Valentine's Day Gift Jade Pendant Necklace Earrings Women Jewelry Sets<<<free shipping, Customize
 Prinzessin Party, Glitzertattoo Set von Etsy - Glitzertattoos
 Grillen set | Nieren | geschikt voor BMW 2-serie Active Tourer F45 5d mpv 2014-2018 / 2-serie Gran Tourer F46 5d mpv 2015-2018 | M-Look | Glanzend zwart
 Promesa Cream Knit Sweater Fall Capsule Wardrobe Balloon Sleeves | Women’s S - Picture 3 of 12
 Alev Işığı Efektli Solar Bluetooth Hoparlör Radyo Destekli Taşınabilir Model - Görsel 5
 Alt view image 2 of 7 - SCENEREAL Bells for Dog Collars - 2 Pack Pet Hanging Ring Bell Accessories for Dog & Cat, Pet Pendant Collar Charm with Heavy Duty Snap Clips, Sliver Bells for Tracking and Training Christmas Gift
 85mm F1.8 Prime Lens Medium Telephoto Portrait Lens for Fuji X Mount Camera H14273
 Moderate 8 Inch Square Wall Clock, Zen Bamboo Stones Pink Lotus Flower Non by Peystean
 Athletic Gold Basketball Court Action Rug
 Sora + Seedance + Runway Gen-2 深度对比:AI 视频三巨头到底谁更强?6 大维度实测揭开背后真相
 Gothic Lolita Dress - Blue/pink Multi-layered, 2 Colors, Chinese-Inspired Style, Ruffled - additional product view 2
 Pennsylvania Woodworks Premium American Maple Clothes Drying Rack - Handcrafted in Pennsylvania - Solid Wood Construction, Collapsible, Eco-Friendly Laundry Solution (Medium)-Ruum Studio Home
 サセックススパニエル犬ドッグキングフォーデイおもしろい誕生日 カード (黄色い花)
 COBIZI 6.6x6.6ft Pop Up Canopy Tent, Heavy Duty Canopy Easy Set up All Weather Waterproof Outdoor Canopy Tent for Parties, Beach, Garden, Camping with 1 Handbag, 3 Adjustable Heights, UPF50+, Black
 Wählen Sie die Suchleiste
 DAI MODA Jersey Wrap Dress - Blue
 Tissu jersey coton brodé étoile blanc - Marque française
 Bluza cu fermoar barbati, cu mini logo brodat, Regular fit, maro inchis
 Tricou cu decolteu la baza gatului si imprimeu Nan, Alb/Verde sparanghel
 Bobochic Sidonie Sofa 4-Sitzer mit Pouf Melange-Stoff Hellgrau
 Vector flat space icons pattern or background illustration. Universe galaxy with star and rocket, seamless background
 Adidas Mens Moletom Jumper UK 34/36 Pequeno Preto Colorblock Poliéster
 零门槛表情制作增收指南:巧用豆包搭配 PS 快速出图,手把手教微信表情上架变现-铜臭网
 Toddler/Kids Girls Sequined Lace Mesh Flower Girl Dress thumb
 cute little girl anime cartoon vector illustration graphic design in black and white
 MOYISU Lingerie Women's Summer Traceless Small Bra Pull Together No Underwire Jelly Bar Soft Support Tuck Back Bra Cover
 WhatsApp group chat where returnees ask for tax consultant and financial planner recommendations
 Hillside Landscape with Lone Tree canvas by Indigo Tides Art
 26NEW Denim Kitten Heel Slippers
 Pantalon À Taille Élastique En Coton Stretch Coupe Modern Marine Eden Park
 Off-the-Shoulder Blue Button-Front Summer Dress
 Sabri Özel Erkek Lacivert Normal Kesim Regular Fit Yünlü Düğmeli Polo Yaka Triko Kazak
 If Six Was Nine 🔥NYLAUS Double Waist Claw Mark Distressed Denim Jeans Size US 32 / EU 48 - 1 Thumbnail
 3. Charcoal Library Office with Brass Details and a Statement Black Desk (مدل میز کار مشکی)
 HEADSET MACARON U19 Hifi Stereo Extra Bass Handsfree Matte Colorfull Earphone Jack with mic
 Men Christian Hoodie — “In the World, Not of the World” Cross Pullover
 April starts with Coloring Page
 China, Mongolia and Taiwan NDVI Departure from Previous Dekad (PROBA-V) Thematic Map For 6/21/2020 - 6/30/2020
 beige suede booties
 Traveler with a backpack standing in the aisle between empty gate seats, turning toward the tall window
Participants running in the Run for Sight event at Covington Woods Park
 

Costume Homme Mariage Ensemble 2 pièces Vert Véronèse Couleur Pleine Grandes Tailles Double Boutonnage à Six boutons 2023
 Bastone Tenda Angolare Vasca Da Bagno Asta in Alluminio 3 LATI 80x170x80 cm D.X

● ● ● ● ● ● ●

**TASK DIRECTIONS**.
The expected output is the lines from the one holding "If Six Was Nine" through the last line of the data, exactly as they appear, with nothing before or after.

**EXPECTED OUTPUT**.
 If Six Was Nine 🔥NYLAUS Double Waist Claw Mark Distressed Denim Jeans Size US 32 / EU 48 - 1 Thumbnail
 3. Charcoal Library Office with Brass Details and a Statement Black Desk (مدل میز کار مشکی)
 HEADSET MACARON U19 Hifi Stereo Extra Bass Handsfree Matte Colorfull Earphone Jack with mic
 Men Christian Hoodie — “In the World, Not of the World” Cross Pullover
 April starts with Coloring Page
 China, Mongolia and Taiwan NDVI Departure from Previous Dekad (PROBA-V) Thematic Map For 6/21/2020 - 6/30/2020
 beige suede booties
 Traveler with a backpack standing in the aisle between empty gate seats, turning toward the tall window
Participants running in the Run for Sight event at Covington Woods Park
 

Costume Homme Mariage Ensemble 2 pièces Vert Véronèse Couleur Pleine Grandes Tailles Double Boutonnage à Six boutons 2023
 Bastone Tenda Angolare Vasca Da Bagno Asta in Alluminio 3 LATI 80x170x80 cm D.X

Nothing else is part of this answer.